═════ Records for processing ═════
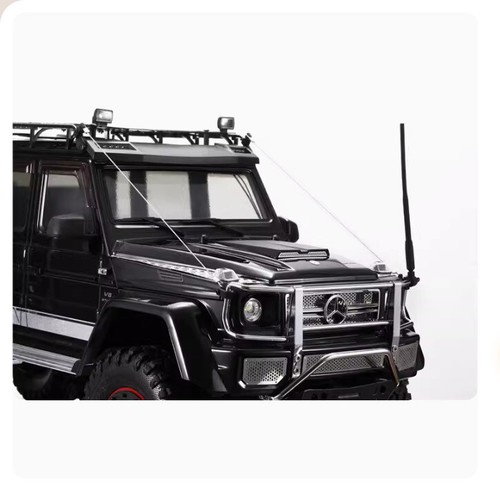 Per trx 6 mercedes - dj, trx-4
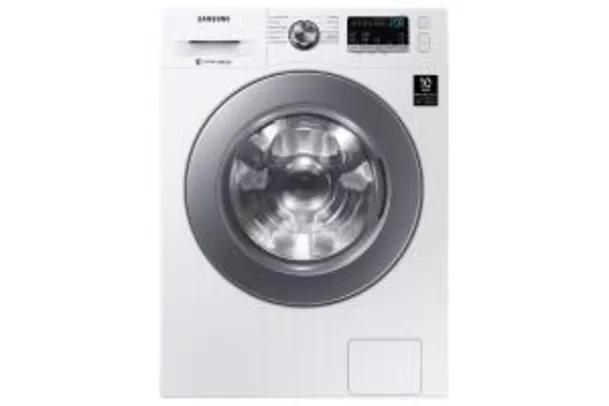 Lava e Seca Samsung WD4000 com Lavagem a Seco | R$ 2.889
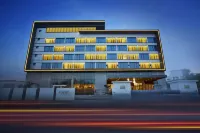 Vivanta Chennai IT Expressway OMR Hotels near Kart Attack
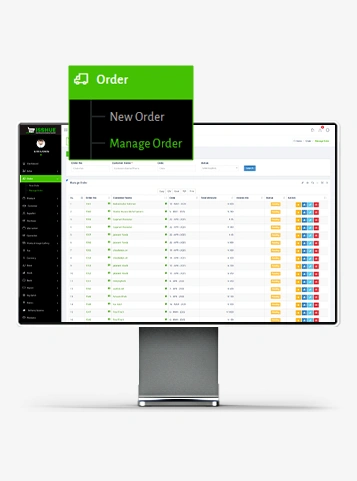 Order Management System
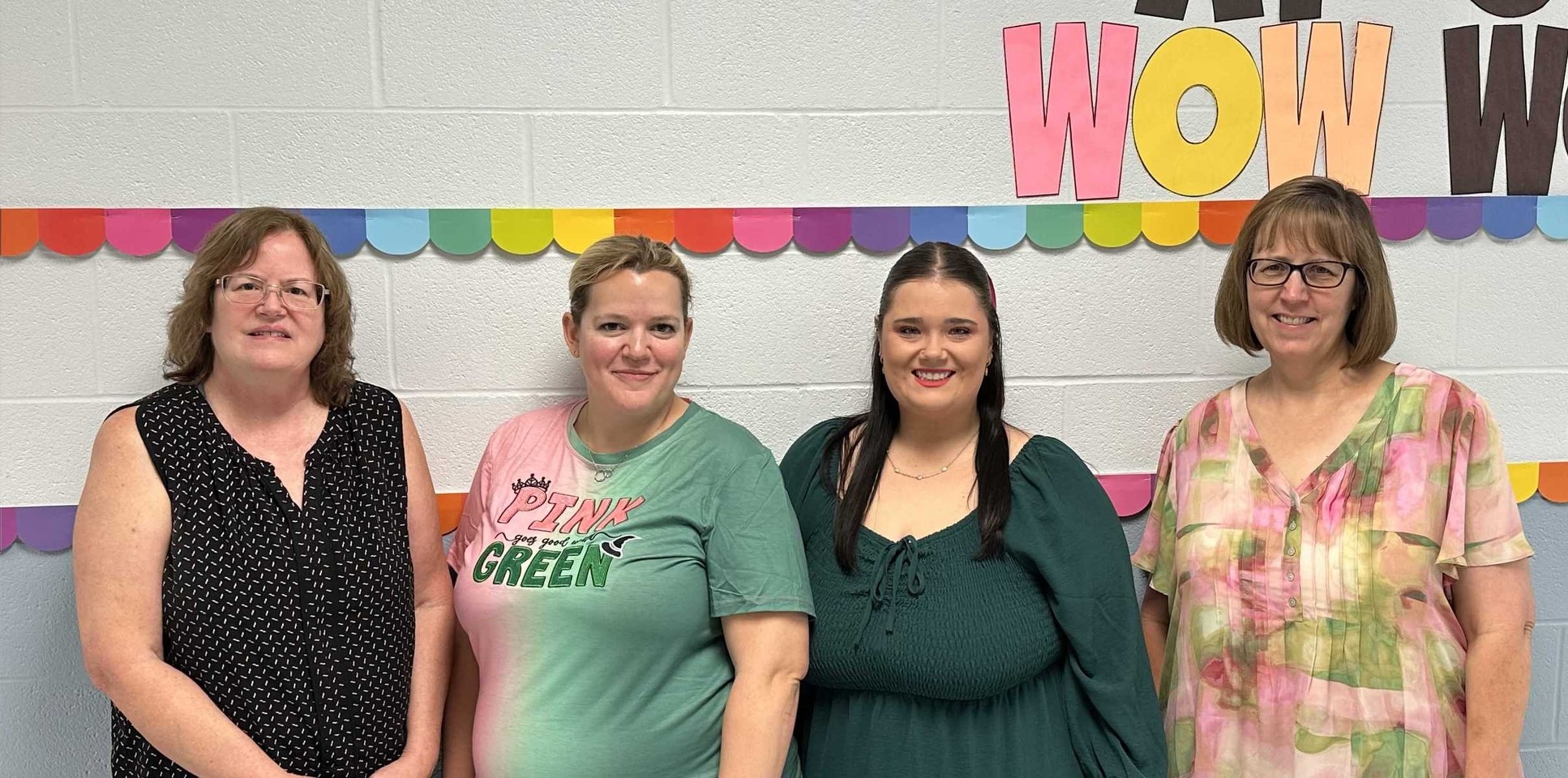 1st Grade Team Photo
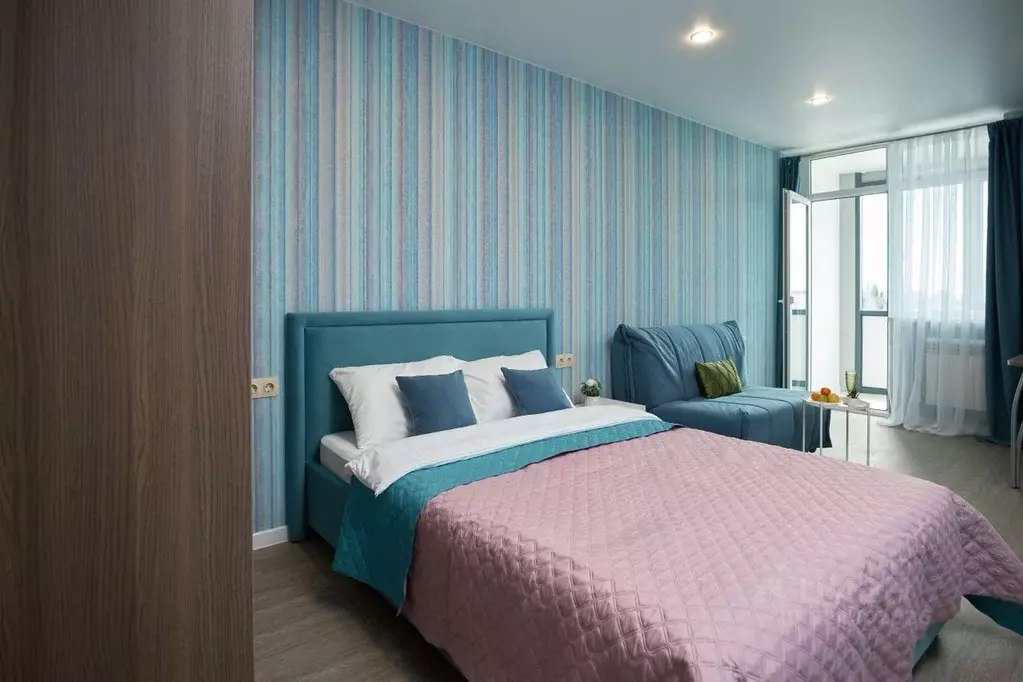 1-к кв. Краснодарский край, Сочи ул. Ленина, 298Бк6 (35.0 м) - Фото 2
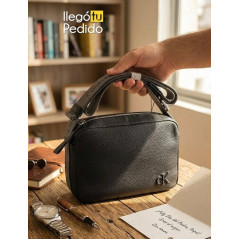 Calvin Klein Bolso Cargo Cámara Negro Calvin Klein Bolso Cargo Cámara Negro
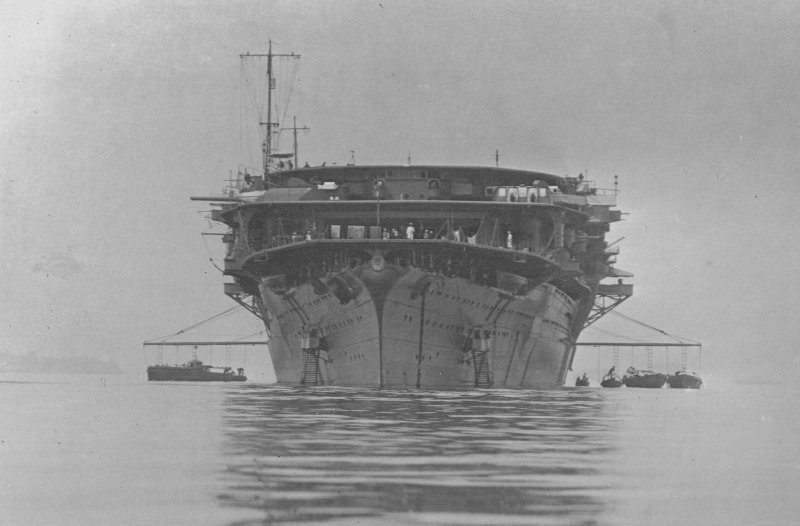 Авианосцы Японии Kaga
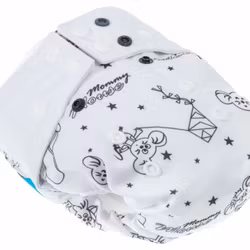 Mommy Mouse SIOskal - No Crush - Olika mönster
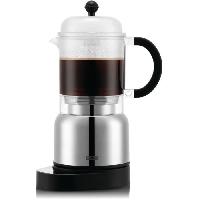 Combine Cafetiere-expresso Cafetiere espresso électrique - BODUM - CHAMBORD 12099-16EURO - Programmable - Wifi avec application - 0.35 L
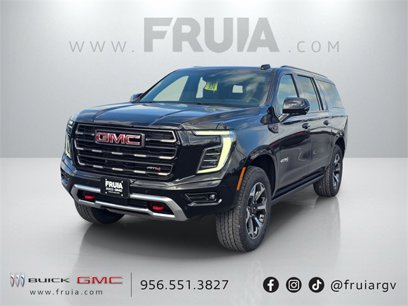 New 2025 GMC Yukon XL AT4 Ultimate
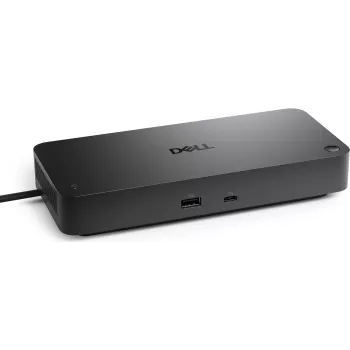 Telakointiasema Dell Pro Thunderbolt 4 Smart Dock 210-BRQK 90W Power Delivery ja kahden näytön tuki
═════
- What you are asked to do
Without the pictures, return all the records precisely as they stand.

- Result below
 Per trx 6 mercedes - dj, trx-4
 Lava e Seca Samsung WD4000 com Lavagem a Seco | R$ 2.889
 Vivanta Chennai IT Expressway OMR Hotels near Kart Attack
 Order Management System
 1st Grade Team Photo
 1-к кв. Краснодарский край, Сочи ул. Ленина, 298Бк6 (35.0 м) - Фото 2
 Calvin Klein Bolso Cargo Cámara Negro Calvin Klein Bolso Cargo Cámara Negro
 Авианосцы Японии Kaga
 Mommy Mouse SIOskal - No Crush - Olika mönster
 Combine Cafetiere-expresso Cafetiere espresso électrique - BODUM - CHAMBORD 12099-16EURO - Programmable - Wifi avec application - 0.35 L
 New 2025 GMC Yukon XL AT4 Ultimate
 Telakointiasema Dell Pro Thunderbolt 4 Smart Dock 210-BRQK 90W Power Delivery ja kahden näytön tuki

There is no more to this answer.